40 Reflections #39: 40 days of raw recollections during the Lenten Season
I should have read this Holy Saturday information first thing this morning to set the tone for the day, but I didn’t.
Holy Saturday (from Sabbatum Sanctum, its official liturgical name) is sacred as the day of the Lord’s rest; it has been called the “Second Sabbath” after creation. The day is and should be the most calm and quiet day of the entire Church year, a day broken by no liturgical function.
If only I planned my days more efficiently, my calendar would look like this:
- Holy Saturday – be calm
- Standardized Testing for kids – encourage them to be happy and not stressed
- Doctor’s Appointment – be brave
So even though my family’s Saturday did not launch with a Biblical message or a devotion, it started out like most mornings, noisy, emotional, and busy. Breakfast was eaten, a preview/timeline of the day was given, and reminders of chores were issued.
Twenty minutes later, as with most growing kids, hunger returned…eating continued, and louder, less-loving reminders of the previously “forgotten” chores were delivered.
We continued the day with egg dying, planning for friend’s visits, and prepping for Easter Sunday. Cello music hummed through our home, basketballs bounced, and bikes soared over ramps. As a lector for the Holy Saturday Mass, I reviewed my reading, and reminded everyone to prep their clothes and be ready by 5:00 pm, of course at this point it was only 9:00 am, but God likes punctual.
Holy Saturday Mass
I love being a lector. I love being part of something bigger than me and helping out with such a beautiful, and powerful event. When trained as a lector, the most important lesson I learned was:
It is not about me.
This resonated in my soul, mainly because I love reading aloud. To anyone. Especially our children (I don’t care if they are old, I’m reading!). I’ll read whatever the kids want to listen to, butchering the voices in Harry Potter and insisting Pooh’s buddy Christopher Robin has an Australian accent, which shockingly sounds a lot like Harry Potter’s voice.

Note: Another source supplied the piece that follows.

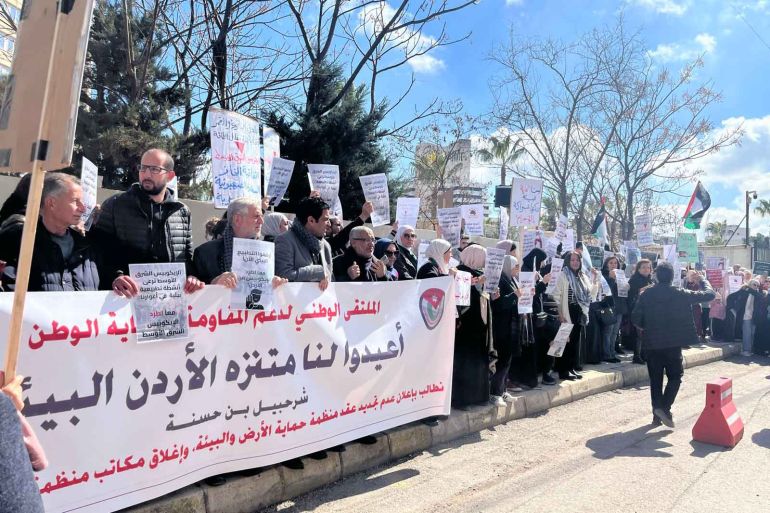 مواطنون يعتصمون امام مبنى سلطة وادي الأردن للمطالبة بطرد الجمعية - الجزيرة نت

When reading for mass, I understood I should NOT make the words in the Bible about me. For instance, don’t be overly dramatic when reading or suddenly decide Matthew, Mark, Luke, and John grew up with an Irishman who influenced their speech greatly, and proceed to read with a lilt.
Upon arrival at church, I checked in as “Reader #5” and was informed there were only four readings and therefore no need for the fifth reader, me. Initially, I was a bit crestfallen, but understood it was a simple clerical error.
Although I was ready to read Isaiah, I remembered: it (whatever “it” means to us) is definitely not about me. It is about being calm, knowing your God-inspired purpose, and understanding your role in the world. “It” is about God.
Author John Piper writes,
“Perhaps our place is not at the center of the universe. God does not exist to make much of us. We exist to make much of him.”
And as we make much of Him, we will find the calm amid the noisy mornings, and sit on the bench as Reader #5, listening and following the word of God.
Dig Deep: Go for a nice, long, slow run today.
Lenten Challenge: Say your rosary and look up your saint day!